+Finally, there is the matter of the child's behavior and personality. Suppose that, around the same time that the child's social transition was going down, the father reported the child being captivated by seeing a forklift at Costco. A few months later, another family friend remarked that maybe the child is very competitive, and that "she likes fighting so much because it's the main thing she knows of that you can _win_."
+
+I think people who are familiar with the relevant scientific literature or come from an older generation would look at observations like these and say, Well, yes, he's a boy; boys like vehicles (_d_ ≈ 2.44!) and boys like fighting. Some of them might suggest that these observations should be counterindicators for transition—that the cross-gender verbal self-reports are less decision-relevant than the fact of a male child behaving in male-typical ways, but nice smart liberal grown-ups in the current year don't think that way.
+
+One might imagine that the [inferential distance](https://www.lesswrong.com/posts/HLqWn5LASfhhArZ7w/expecting-short-inferential-distances) between nice smart liberal grown-ups and people from an older generation (or a skeptical family friend) might be crossed by talking about it, but it turns out that talking doesn't help much when people have radically different priors and interpret the same evidence differently.
+
+Imagine a skeptical family friend wondering (about four months after the social transition) what "being a girl" means to the child. How did the kid _know_?
+
+A parent obliges to ask the child: "Hey kiddo, somebody wants to know how you know that you are a girl."
+
+"Why?"
+
+"He's interested in that kind of thing."
+
+"I know that I'm a girl because girls like specific things like rainbows and I like rainbows so I'm a girl."
+
+"Is that how you knew in the first place?"
+
+"Yeah."
+
+"You know there are a lot of boys who like rainbows."
+
+"I don't think boys like rainbows so well—oh hey!

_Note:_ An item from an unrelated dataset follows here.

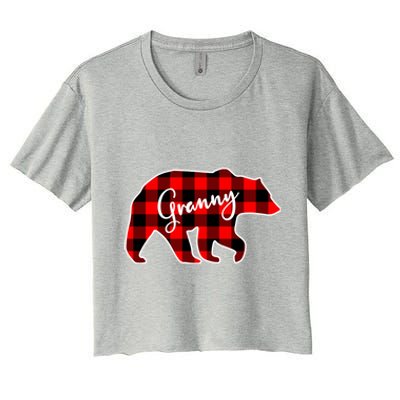 Granny Bear Red Plaid Matching Family Christmas Funny Gift Women's Crop Top Tee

Here this ball is!"
+
+(When recounting this conversation, the parent helpfully adds that rainbows hadn't come up before, and that the child was looking at a rainbow-patterned item at the time of answering.)
+
+It would seem that the intepretation of this kind of evidence depends on one's prior convictions. If you think that transition is a radical intervention that might pass a cost–benefit analysis for treating rare cases of intractable sex dysphoria, nonsense answers like "because girls like specific things like rainbows" are disqualifying. (A twelve-year-old who could read an informed-consent form would be able to give a more compelling explanation than that, but a three-year-old just isn't ready to make this kind of decision.) Whereas if you think that some children have a gender that doesn't match their assigned sex at birth, you might expect them to express that affinity at age three, without yet having the cognitive or verbal abilities to explain it. Teasing apart where these two views make different predictions seems like it should be possible, but might be beside the point, if the real crux is over [what categories are made for](/2018/Feb/the-categories-were-made-for-man-to-make-predictions/).
+
+Anyway, that's just a hypothesis that occurred to me in early 2020, about something that _could_ happen in the culture of the current year, hypothetically, as far as I know. I'm not a parent and I'm not an expert on child development. And even if the "Clever Hans" etiological pathway I conjectured is real, the extent to which it might apply to any particular case is complex; you could imagine a kid who _was_ "actually trans" whose social transition merely happened earlier than it otherwise would have due to these dynamics.
+
+For some reason, it seemed important that I draft a Document about it with lots of citations to send to a few friends. I thought about cleaning it up and publishing it as a public blog post (working title: "Trans Kids on the Margin; and, Harms from Misleading Training Data"), but for some reason, that didn't seem as pressing.
+
+I put an epigraph at the top:
+
+> If you love someone, tell them the truth.
+>
+> —Anonymous
+
+Given that I spent so many hours on this little research and writing project in May–July 2020, I think it makes sense for me to mention it at this point in my memoir, where it fits in chronologically. I have an inalienable right to talk about my own research interests, and talking about my research interests obviously doesn't violate any norm against leaking private information about someone else's family, or criticizing someone else's parenting decisions.
+
+(Only—[you two have such beautiful children](/2023/Dec/hrunkner-unnerby-and-the-shallowness-of-progress/)!)